I'm struggling with an exercise from Haskell Book (Chapter 16. Functor). Given the following, it expects me to define fmap:
{-# LANGUAGE FlexibleInstances #-}
newtype Flip f a b =
Flip (f b a)
deriving (Eq, Show)
newtype K a b =
K a
instance Functor (Flip K a) where
fmap = undefined
In a previous exercise I've already done the following:
data K a b =
K a
instance Functor (K a) where
fmap f (K x) = K x
But for this Flip a b, I can't even understand how to get started, e.g. how to continue fmap f Flip ....
I thought maybe before doing that I should also write a functor for the newtype K a b, similar to what I did data K a b:
instance Functor (K a) where
fmap f (K x) = K x
But I can't understand how to proceed to the Functor instance for Flip f a b.
Any ideas, hints?
Let's have a look at your solution:
instance Functor (Flip K a) where
fmap f (Flip (K a)) = Flip (K (f b))
What does Flip (K a) actually mean?
K is the constant functor, which you implemented correctly.
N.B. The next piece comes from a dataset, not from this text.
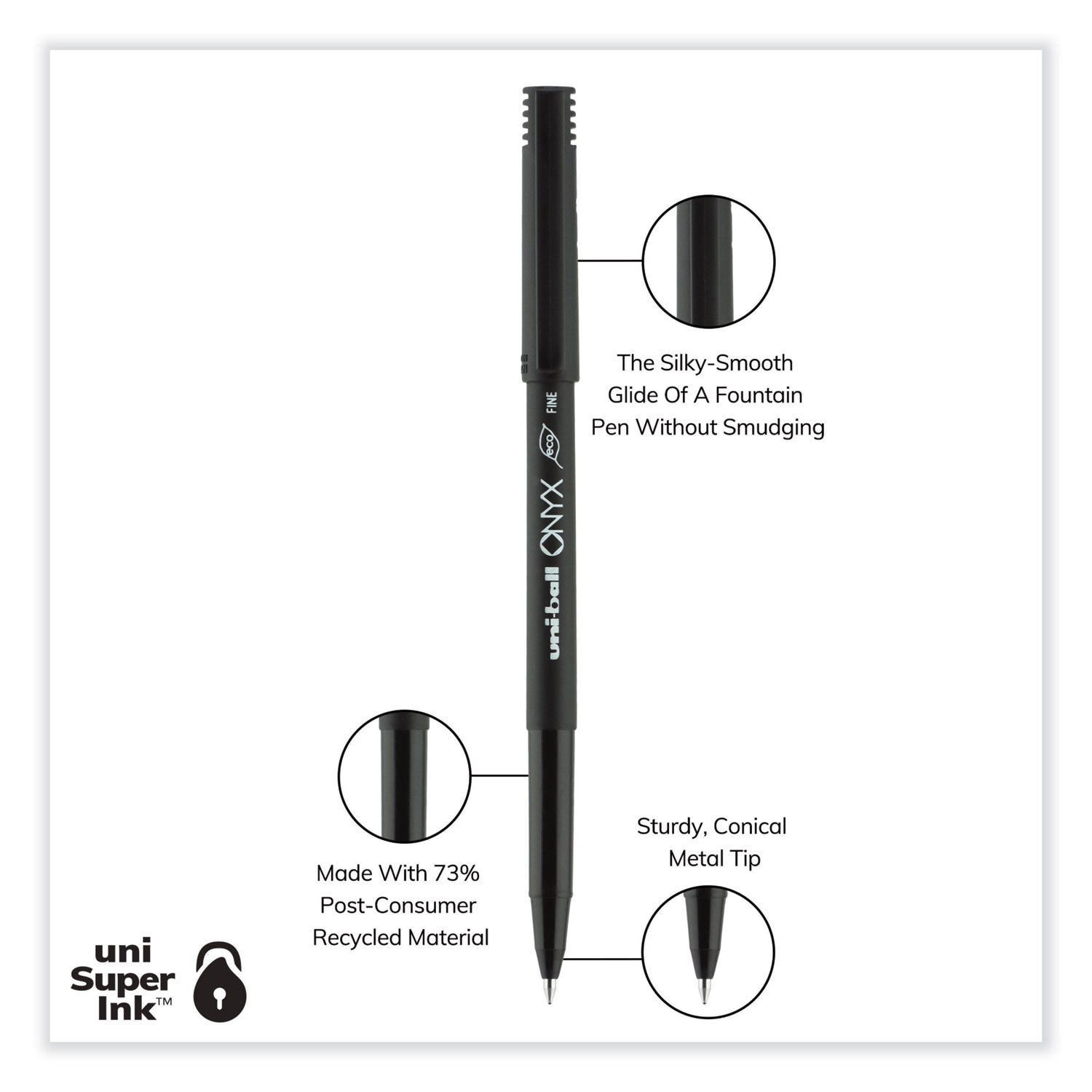 uniball® ONYX Rollerball Pen, Stick, Fine 0.7 mm, Black Ink, Black Barrel, Dozen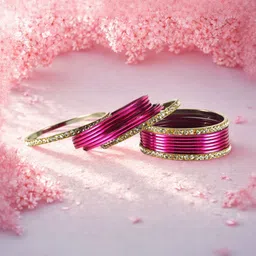 Vidhya Kangan Set Of 16 Gold-Plated Stone-Studded Bangles image 4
It disregards the function f and always returns K a. But what actually happens behind the scenes is that the value K a b is transformed into K a c. Even though the function f was disregarded, the second type of K changed according to the type of f.
Now if we Flip K, we simply turn around the arguments:
Flip (K a b) == K b a
Instead of having a constant value and ignoring the function, we have a changing value and a constant "ignored" type. Looking at the implementation with explicit type signatures we get:
instance Functor (Flip K a) where
fmap :: (b -> c) -> Flip K a b -> Flip K a c -- or:
fmap :: (b -> c) -> K b a -> K c a
fmap f (Flip (K a)) = Flip (K (f b))
As you already concluded, the only possible implementation is the one above.
You can actually see the use cases of a Constant functor in this question.